Tendermint is a distributed, byzantine fault-tolerant consensus system designed to replicate arbitrary state machines. We experimentally verify Tendermint’s safety properties using its built-in key-value store, Merkleeyes, as the hosted state machine, while creating simple and complex network partitions, clock skew, process crashes, write-ahead-log truncation, simple byzantine faults, and dynamic membership reconfiguration. We discovered a single-node data corruption issue in Merkleeyes, a fatal crash in Merkleeyes WAL recovery, and a potential data-loss issue in the Tendermint WAL, but otherwise found no cases of nonlinearizable behavior, so long as byzantine validators control less than 1/3 of the vote.
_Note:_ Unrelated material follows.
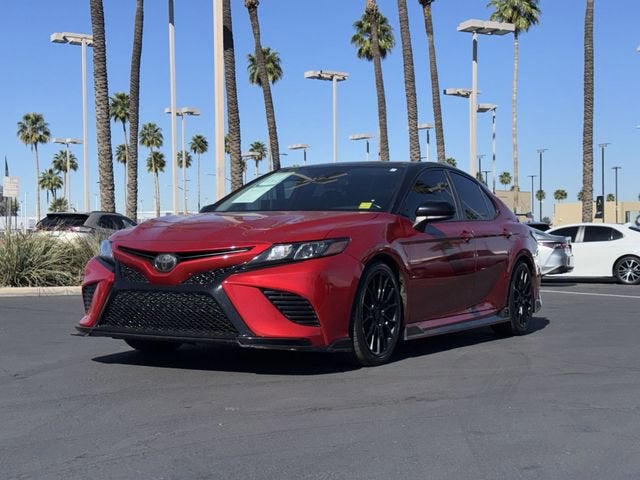 2020 Toyota Camry TRD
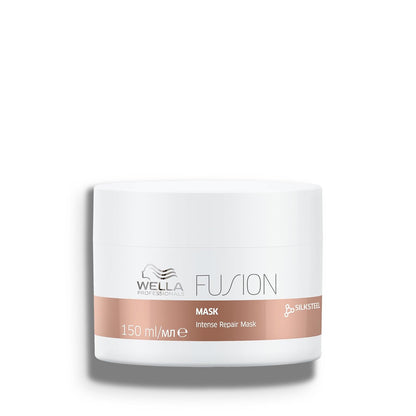 WELLA PROFESSIONALS Fusion - Mascarilla reparadora intensa para cab...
This work was funded by the Tendermint team, and conducted in accordance with the Jepsen ethics policy.

1 Background

Tendermint is a server and a protocol for building linearizable (or sequentially consistent) byzantine fault-tolerant applications. Tendermint validators accept transactions from clients over HTTP, and replicate them to the other validators in the cluster, forming a totally ordered sequence of transactions. Each transaction is verified by a cryptographic signature over the previous transaction, forming a blockchain. As long as more than 2/3 of the cluster is online, connected to each other, and non-malicious, progress and linearizability of transactions is guaranteed. In the presence of byzantine validators which control 1/3 or more of the voting power, safety is no longer guaranteed: the cluster may exhibit split brain behavior, discard committed transactions, etc.

Transactions are first broadcast, via a gossip protocol, to every node. A proposer, chosen by a deterministic round-robin algorithm, bundles up pending transactions into a block, and proposes that block to the cluster. Nodes then pre-vote on whether they consider the block acceptable, and broadcast their decision. Once a 2/3 majority pre-vote yes, nodes pre-commit the block, and broadcast their intention to commit. Once 2/3 of the cluster has pre-committed a block, the block can be considered committed, and the initiating node can learn the transaction is complete. Tendermint therefore requires four network hops to complete a transaction, given a totally-connected non-faulty component of the cluster holding more than 2/3 of the total votes.1

Proposers create and propose new blocks roughly once a second, though this behavior is configurable. This adds about 500 ms of latency to any given transaction.2 However, because a block encompasses multiple transactions, transaction throughput is not limited by this latency, so long as transactions can commit regardless of order. Where one transaction depends on another—for instance, when multiple actors concurrently update a record using a [read, compare-and-set] cycle, throughput is inversely proportional to network latency plus proposer block delay.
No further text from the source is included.